TASK OBJECTIVE: Using the records that appear below, write out exactly the lines from the one with "2-комнатная квартира ·" through the one with "区块链钱包地址的位数因不同的区块链而异。以", keeping both end lines.

THE DATA:
*** Block opens ***

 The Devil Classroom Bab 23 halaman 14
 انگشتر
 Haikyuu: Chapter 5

*** Block closes ***
*** Block opens ***

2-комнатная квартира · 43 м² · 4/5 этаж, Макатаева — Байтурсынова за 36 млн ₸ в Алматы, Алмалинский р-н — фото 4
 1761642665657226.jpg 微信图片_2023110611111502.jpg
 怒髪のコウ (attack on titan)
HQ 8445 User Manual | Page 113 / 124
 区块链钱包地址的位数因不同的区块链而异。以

*** Block closes ***
*** Block opens ***

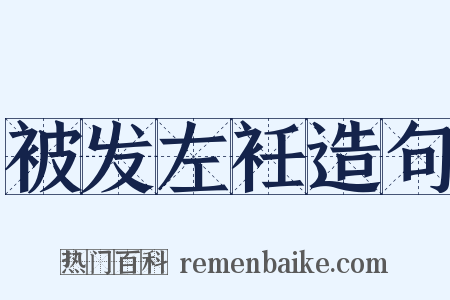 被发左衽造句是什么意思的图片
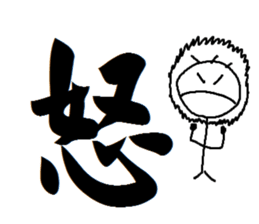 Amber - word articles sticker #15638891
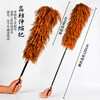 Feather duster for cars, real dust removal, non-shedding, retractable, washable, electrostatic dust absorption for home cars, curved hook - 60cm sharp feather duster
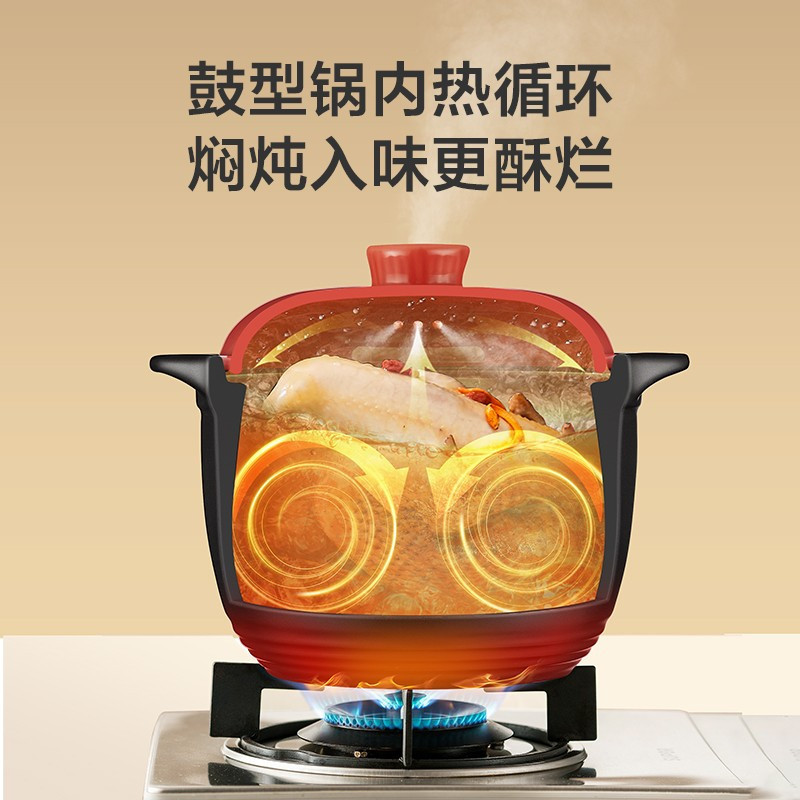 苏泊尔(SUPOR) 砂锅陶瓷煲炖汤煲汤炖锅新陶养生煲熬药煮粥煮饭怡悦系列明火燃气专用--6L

*** Block closes ***

OUTPUT:
2-комнатная квартира · 43 м² · 4/5 этаж, Макатаева — Байтурсынова за 36 млн ₸ в Алматы, Алмалинский р-н — фото 4
 1761642665657226.jpg 微信图片_2023110611111502.jpg
 怒髪のコウ (attack on titan)
HQ 8445 User Manual | Page 113 / 124
 区块链钱包地址的位数因不同的区块链而异。以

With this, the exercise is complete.